3D Printing

3D printer accelerates product design, cuts costs

29th April 2020
Mick Elliott
0

Time to market and costs weigh heavily on the minds of design engineers and industrial designers. To accelerate product development Stratasys has introduced the J55 3D Printer to create fast, full-colour design realism at about a third of the price of enterprise-class PolyJet printers, and in a smaller format so it sits comfortably in offices, design studios or classrooms.

The printer’s versatility means it can produce multiple numbers of a specific product, or multiple versions of different products. It includes high fidelity and five simultaneously printed materials that enable nearly 500,000 colours, PANTONE Validation, realistic textures and transparency in one printed part. Set-up is easy, and remote monitoring means print jobs can be managed from home.

Says Gina Scala, Director of Marketing, Global Education at Stratasys, “What’s in a designer’s mind can be produced a few hours later.”

A patented rotating build platform with a fixed print head is designed to maximise reliability and simplify maintenance.

The technology also means greater output from a small footprint while also eliminating most sound – “it’s about as quiet as a home refrigerator,” says the company. ProAero filtration technology delivers odour-free operation, the J55 can be situated anywhere.

Helping make the J55 easy for designers, Stratasys is also prioritising simplifying workflow. Fully supported by GrabCAD Print software, the printer deliver a smooth import of common CAD files including SOLIDWORKS, CATIA, PTC Creo, Siemens NX, and Inventor and the latest 3MF file format, a significant improvement over traditional STL, OBJ, and VRML files.
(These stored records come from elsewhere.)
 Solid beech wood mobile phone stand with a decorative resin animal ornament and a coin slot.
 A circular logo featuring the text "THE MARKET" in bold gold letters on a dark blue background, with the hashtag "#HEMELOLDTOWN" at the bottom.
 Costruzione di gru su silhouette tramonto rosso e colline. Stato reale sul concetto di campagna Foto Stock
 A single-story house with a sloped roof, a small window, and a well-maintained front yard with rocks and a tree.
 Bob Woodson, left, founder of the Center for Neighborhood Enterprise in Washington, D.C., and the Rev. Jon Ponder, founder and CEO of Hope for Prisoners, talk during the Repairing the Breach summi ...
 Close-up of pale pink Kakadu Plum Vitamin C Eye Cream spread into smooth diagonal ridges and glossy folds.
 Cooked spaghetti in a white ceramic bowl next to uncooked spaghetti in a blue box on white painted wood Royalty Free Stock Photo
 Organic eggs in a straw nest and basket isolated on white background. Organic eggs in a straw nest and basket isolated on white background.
And for the first time, Stratasys is also adding support for 3MF color workflow with KeyShot®3D rendering software from Luxion a capability now in beta and planned for late 2020.
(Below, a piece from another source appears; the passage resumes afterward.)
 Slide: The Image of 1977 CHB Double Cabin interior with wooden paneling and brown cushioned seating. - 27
The J55 3D Printer features a maximum build volume size of 1,340 cubic inches (22 litres) and takes up 4.6 sq. ft. (0.43 m2) of floor space. The five-material capacity (plus support material) means operators can load their most frequently used resins and avoid downtime associated with material changeovers.

The J55 is expected to ship in July 2020 and orders are being taken now.

Tony Guard, Beta customer and Director of Innovation and Industrial Design at Cincinnati-based Kinetic Vision, “There is no way to validate 2D designs without a realistic 3D model, it’s simply not possible,” The 175-employee company develops products for startups to Fortune 50 companies in industries ranging from consumer electronics and packaged goods to aerospace and medical.

Kinetic Vision has been deemed an “essential business” and has been open through the pandemic, but with few people in the office to get a new technology up and running.

Guard said they got the J55 set up with a single employee and only remote support from Stratasys.

“My jaw dropped when I saw what the machine could do,” he said. “We can validate products faster with form, colour, finish, graphics, everything. We can offer our clients tangible 3D-printed models that represent a final retail product, faster than we ever could before. I’d love the J55 to be our secret strategic advantage, but I don’t think it will be a secret for long.”

Tim Greene, a research director for 3D printing at global research firm IDC, said it’s clear that the product design process needs to change for today’s world, where disruption is always around the corner. “We know that the risk and time involved with traditional prototyping simply doesn’t work anymore, yet there’s no room for compromise on design,” he said. “Designers can and should do a lot more prototyping in-house, from initial concept modeling to highly realistic final prototypes. It’s just been a matter of bringing enterprise quality to a design shop’s price point and workspace. And now we’re there."